= Activity =
Only the final stretch of the data is wanted: reproduce the line containing "this 640×480 image." and each line after it, exactly.
======== Given data ========
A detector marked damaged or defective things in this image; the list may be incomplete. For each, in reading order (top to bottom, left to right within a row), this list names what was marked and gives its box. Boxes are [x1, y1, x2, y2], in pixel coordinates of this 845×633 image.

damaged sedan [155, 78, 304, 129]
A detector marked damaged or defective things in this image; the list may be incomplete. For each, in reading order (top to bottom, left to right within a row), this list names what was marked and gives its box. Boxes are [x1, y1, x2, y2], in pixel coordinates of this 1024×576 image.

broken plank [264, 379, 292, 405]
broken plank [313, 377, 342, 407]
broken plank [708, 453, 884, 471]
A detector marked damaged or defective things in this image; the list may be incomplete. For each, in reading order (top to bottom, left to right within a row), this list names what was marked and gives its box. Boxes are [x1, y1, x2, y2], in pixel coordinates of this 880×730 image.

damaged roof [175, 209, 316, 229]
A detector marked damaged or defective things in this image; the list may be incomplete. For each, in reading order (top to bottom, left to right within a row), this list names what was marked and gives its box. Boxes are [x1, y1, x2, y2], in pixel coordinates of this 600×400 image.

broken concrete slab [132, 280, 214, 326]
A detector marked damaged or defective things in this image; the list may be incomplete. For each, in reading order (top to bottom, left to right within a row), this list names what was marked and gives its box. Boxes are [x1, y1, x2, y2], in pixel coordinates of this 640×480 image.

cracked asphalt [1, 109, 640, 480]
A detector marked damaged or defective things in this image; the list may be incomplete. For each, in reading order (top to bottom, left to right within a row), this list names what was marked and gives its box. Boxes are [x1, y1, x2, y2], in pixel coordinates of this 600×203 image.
========
= Exercise answer =
A detector marked damaged or defective things in this image; the list may be incomplete. For each, in reading order (top to bottom, left to right within a row), this list names what was marked and gives its box. Boxes are [x1, y1, x2, y2], in pixel coordinates of this 640×480 image.

cracked asphalt [1, 109, 640, 480]
A detector marked damaged or defective things in this image; the list may be incomplete. For each, in reading order (top to bottom, left to right within a row), this list names what was marked and gives its box. Boxes are [x1, y1, x2, y2], in pixel coordinates of this 600×203 image.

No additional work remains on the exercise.